Michael Katcher, M.D., Director of Cardiac Electrophysiology and Pacing at Salem Hospital, has seen the field boom this century. He and his colleague, Dr. Nathaniel Van Houzen, have brought the latest technologies to the North Shore. “We have put in several thousand pacemakers and defibrillators at Salem Hospital and several times each month someone is resuscitated by their defibrillator,” Dr. Katcher added. Ablation procedures for common atrial (upper chamber) rhythm abnormalities are performed as well, keeping many patients’ rhythm normal, and often allowing medications to be stopped. Through Salem Hospital’s collaboration with Mass General Brigham, more complex ablation procedures are done by Dr. Van Houzen at Massachusetts General Hospital in Boston.
Pacing technology has also been used to treat patients with heart failure, when it is determined that the left and the right sides of the heart are not contracting synchronously. Advances using a third wire in the pacemaker is offering new treatment options for more complex heart disease.
Dr. Block, now a practicing cardiologist with North Shore Physicians Group decided that the large, old pacemakers would be best appreciated by the patients having their own pacemakers checked, when they go to the Pacemaker Clinic at Salem Hospital.

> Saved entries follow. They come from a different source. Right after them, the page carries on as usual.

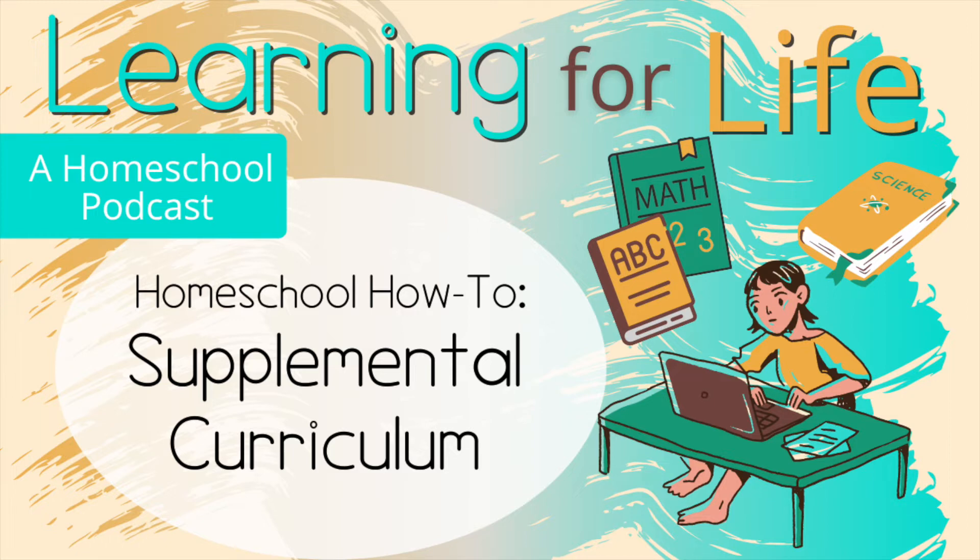If you're using All About Reading for your kids' phonics and an Evan Moore phonics workbook to supplement, you want to make sure that the Evan Moore workbook is not introducing a ton of new sounds that your child hasn't learned yet in the main curriculum. The last thing that differentiates supplemental curriculum is that it only focuses on a very specific or narrow set of standards or topics — it's not a complete or comprehensive curriculum.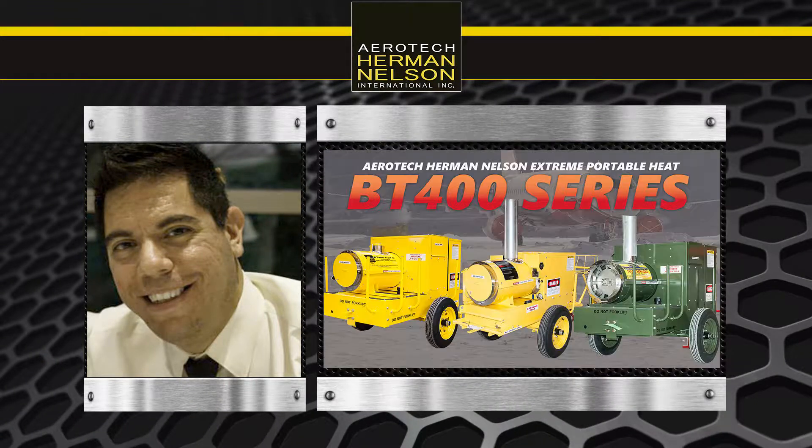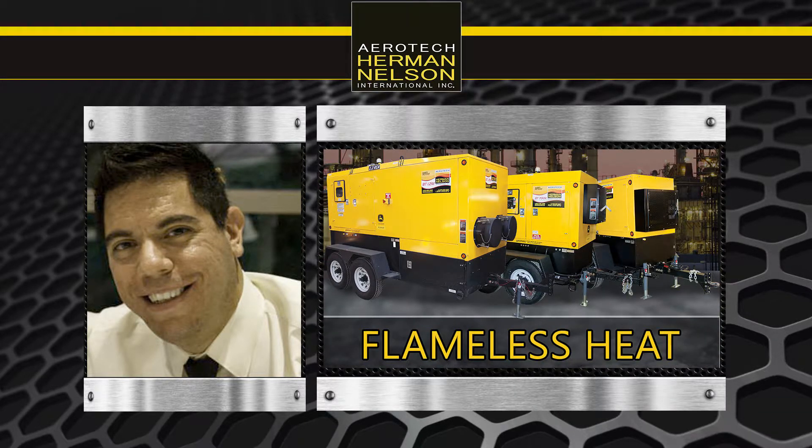Hello, my name is Victor from Aerotech Herman Nelson, and in this video series, I'll go over the differences and benefits of owning a Herman Nelson heater.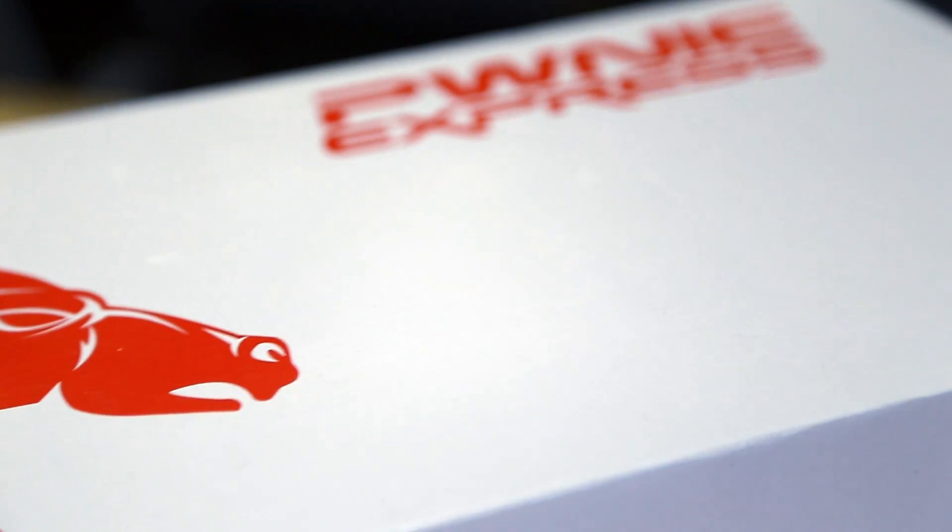Logic Supply is not simply a box maker. Our customers come to us and rely on us for hardware engineering services, OS imaging, logistics, packaging, and branding services as well.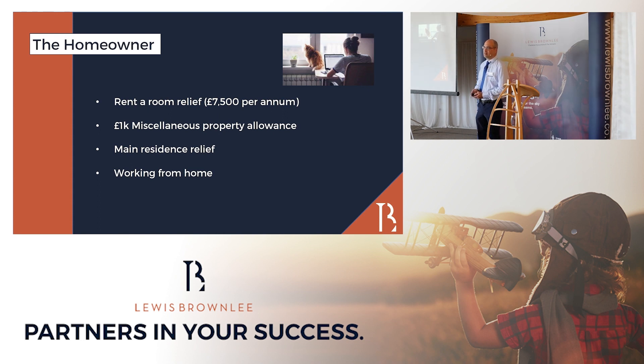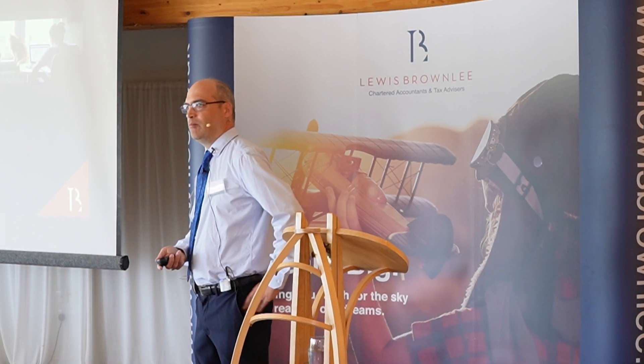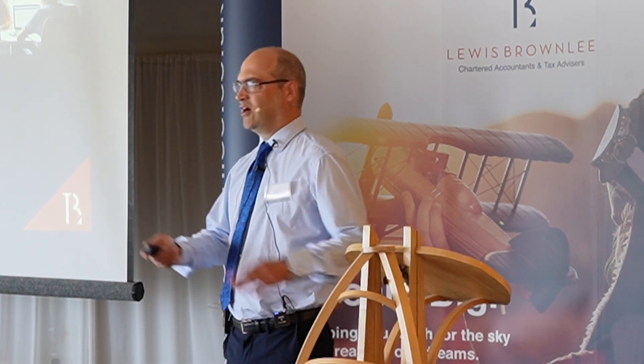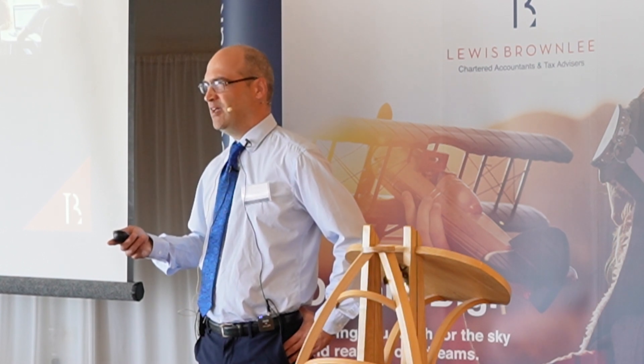Main residence relief is limited to grounds extending to half a hectare, which is 1.23 acres. If you're lucky enough to have a property with grounds that exceed that area, then the entirety, in theory, might not be exempt from capital gains tax. It's not a hard and fast rule, because there is a concept known as character — if you've got a large property with a larger garden, in some instances you can have a larger permitted area. For context, that area is roughly 70% the size of a football pitch, so it's not massive.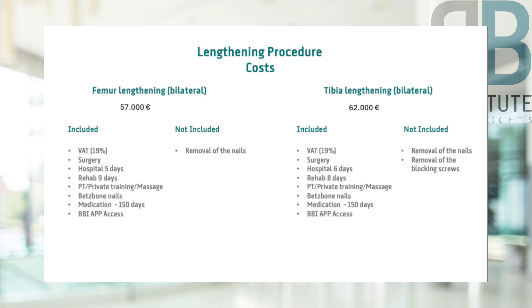Welcome. I would like to give you a brief overview of the costs of leg lengthening in my institute in this video sequence, or rather show you the cost breakdown so that it is clear what is included in the costs and what services the overall package includes. If we look at the total cost of a thigh lengthening,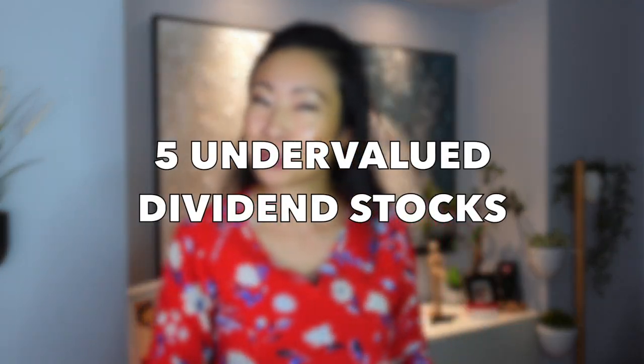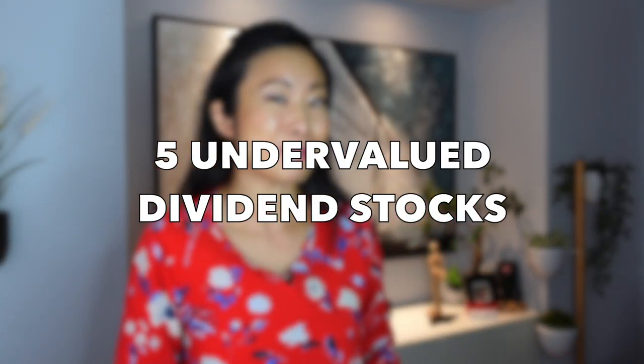Hey everyone, today's video I want to do something a little bit different. We've had a major rotation from growth stocks to value stocks in the beginning of the year and now it's like reversing. The smart money is going to growth stocks. So now we're seeing potential plays in the value stocks or dividend stocks, and I want to talk about five stocks that I'm really watching — I think there might be some opportunities in these five dividend paying stocks.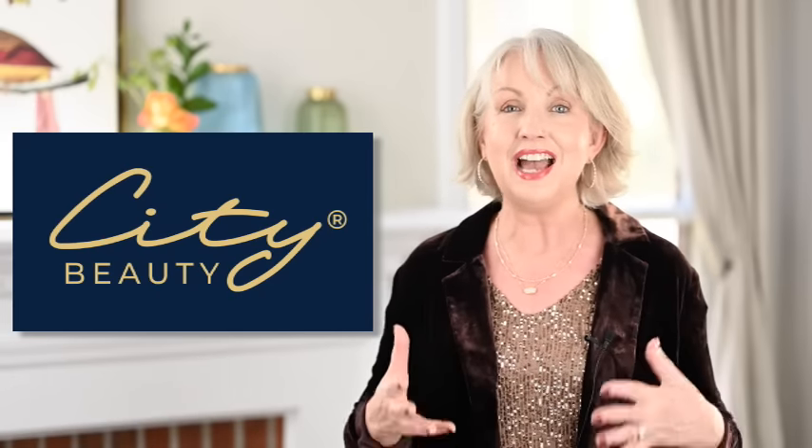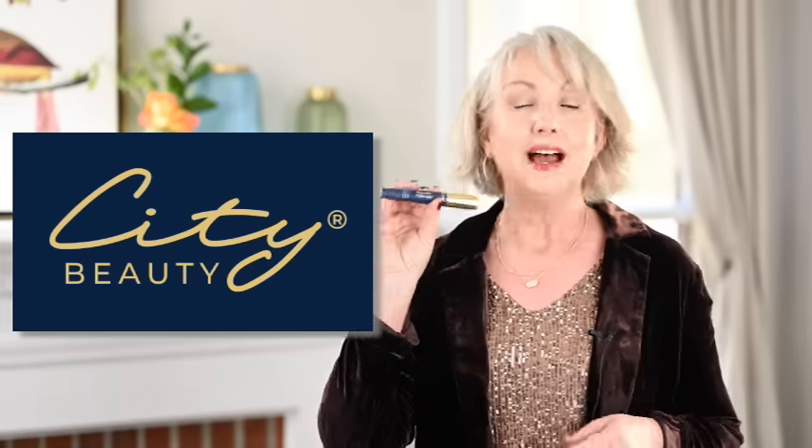That brings me to our sponsor, City Beauty. I love their mascara. I've been using City Beauty's Beyond Mascara for a couple of years now. I was a hard sell because I had been using the same mascara for years - I still use the other one, by the way - but I put them together and I love the Beyond Mascara. It is my necessary final step because it really does thicken and elongate my lashes without making them thick and gloopy.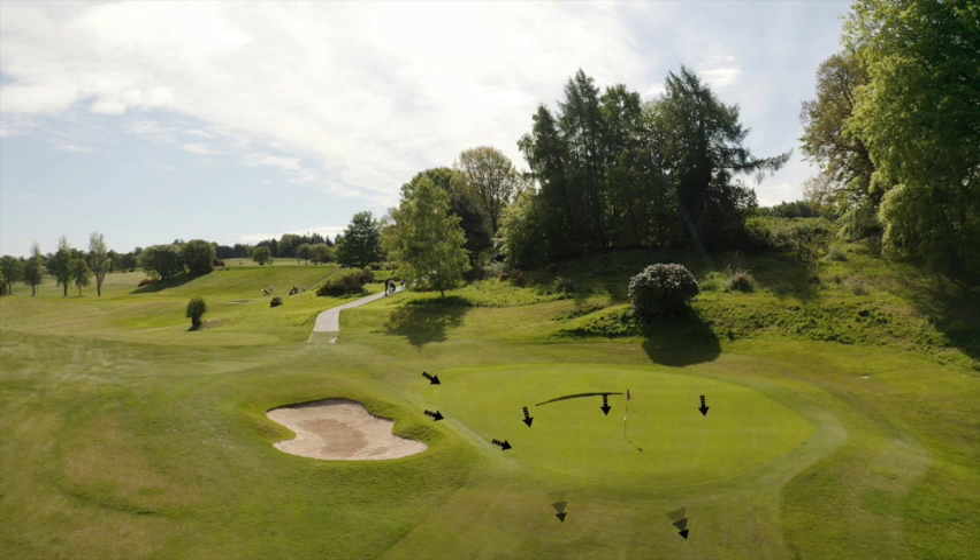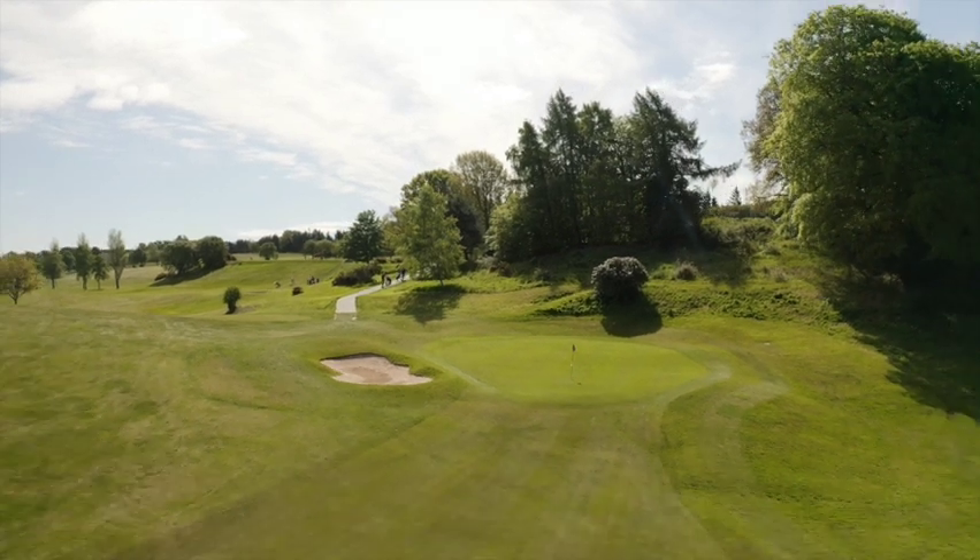Anything short makes par very hard to achieve with the runoff from the front edge. The green is just as challenging as the previous hole, so concentration levels need to be maintained until the ball is in the hole.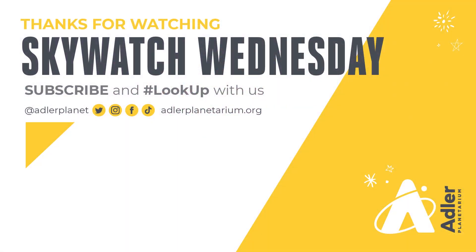So get out there this fall and see all the beautiful sights that the fall sky has to offer. That's what we've got for you this episode. Thanks, as always, for watching. Don't forget to subscribe to Adler's YouTube channel and also follow us on Facebook, Instagram, Twitter, and TikTok. Clear skies — we'll see you next time.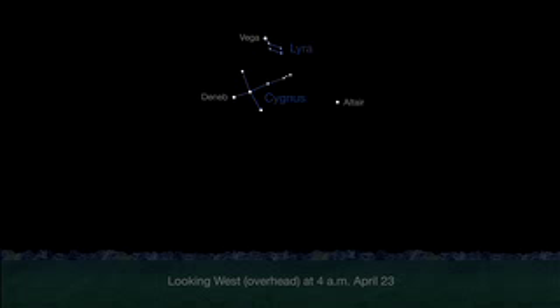Another sky treat this month is the Lyrid meteor shower, which peaks in the early morning of April 23rd. The constellation Lyra — the point in the sky where the meteors appear to radiate from — will be above the horizon before midnight and high overhead by dawn local time for northern hemisphere observers. You'll see more meteors when the radiant is higher, between 4 a.m. and dawn.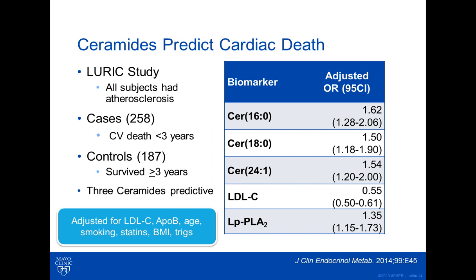Based on the preliminary data, it seemed like this would be a very promising biomarker. The same group that had brought us the untargeted data was able to show in another case study, using a specific measure of just these three specific ceramides, that they were highly predictive, and that the adjusted hazard ratio for each of them continued to be independently predictive of cardiovascular death, even after adjusting for other biomarkers such as LDL cholesterol, ApoB, statin, age, smoking, etc.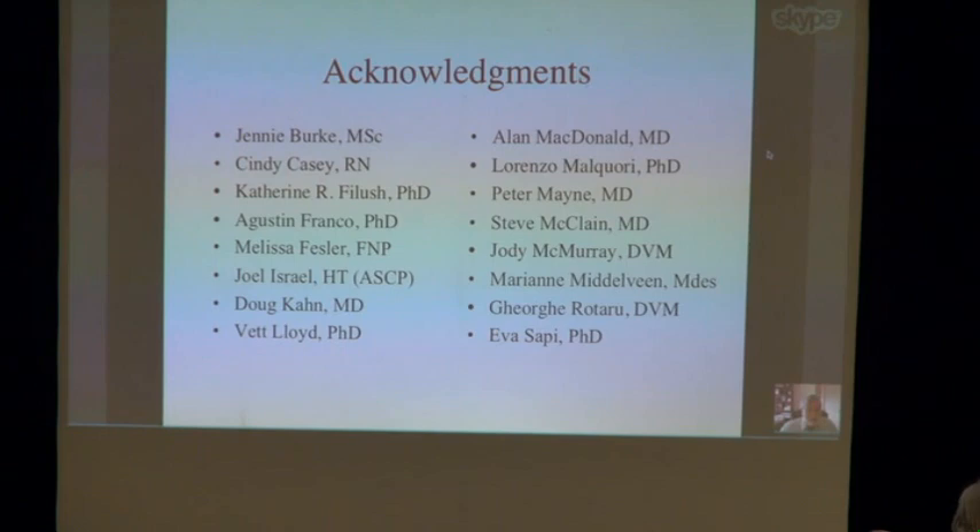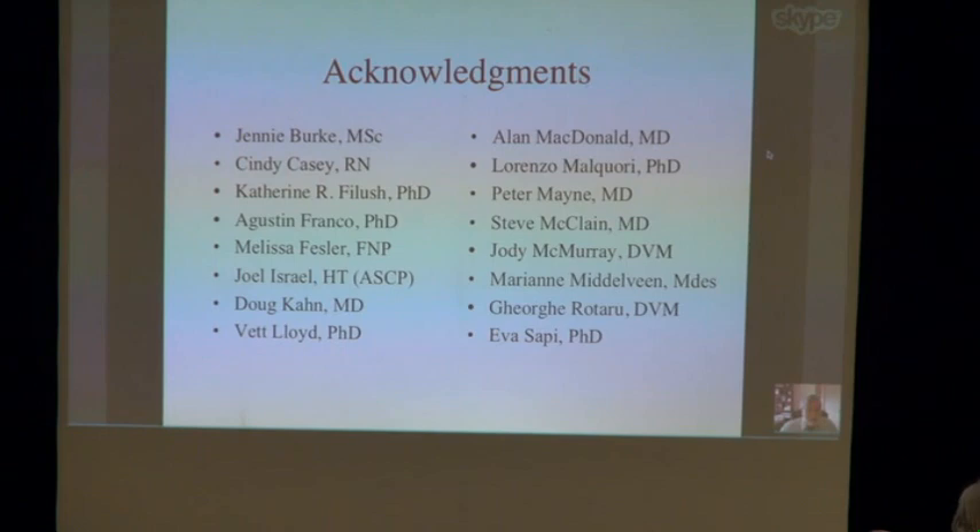I'd like to acknowledge my coworkers: Jenny Burke from Australian Biologics, Ava Shopey from New Haven, Steve McLean and Joel Israel from McLean Labs, Vet Lloyd from Mount Allison University who did PCR testing, the veterinarians George Rotoroo and Jody McMurray who were incredibly helpful in obtaining clinical specimens, and Melissa Fessler who helped with the study. Mary Ann Middleveen did most of the work and is to be congratulated. I'd like to dedicate this talk to the memory of Charles Holman. Thank you very much.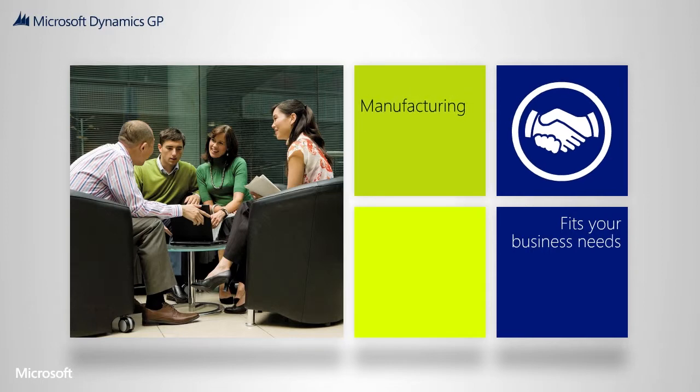And our network of local certified partners are trained to help you plan and implement a solution that is designed for you.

“I want the community to appreciate how far Salem Hospital has come in the field of electrophysiology since the early years, and to know that we are on the cutting edge of these technologies.”
“The collection is a wonderful and rare historical artifact, and we are thrilled to accept and care for it going forward,” said Dr. Katcher.
About Salem Hospital
Salem Hospital is a member of Mass General Brigham, an academic healthcare system founded by Massachusetts General Hospital and Brigham and Women’s Hospital that is uniting great minds to make life-changing impact for patients in local communities and around the world. Serving the North Shore community for more than 100 years, Salem Hospital provides innovative medical, surgical and psychiatric care through an array of inpatient, outpatient and virtual settings including Salem Hospital, the Epstein Center for Behavioral Health, North Shore Physicians Group and a medical staff of nearly 700 physicians practicing in a wide range of specialties. For more information, please visit nsmc.partners.org. For information about Mass General Brigham, visit massgeneralbrigham.org.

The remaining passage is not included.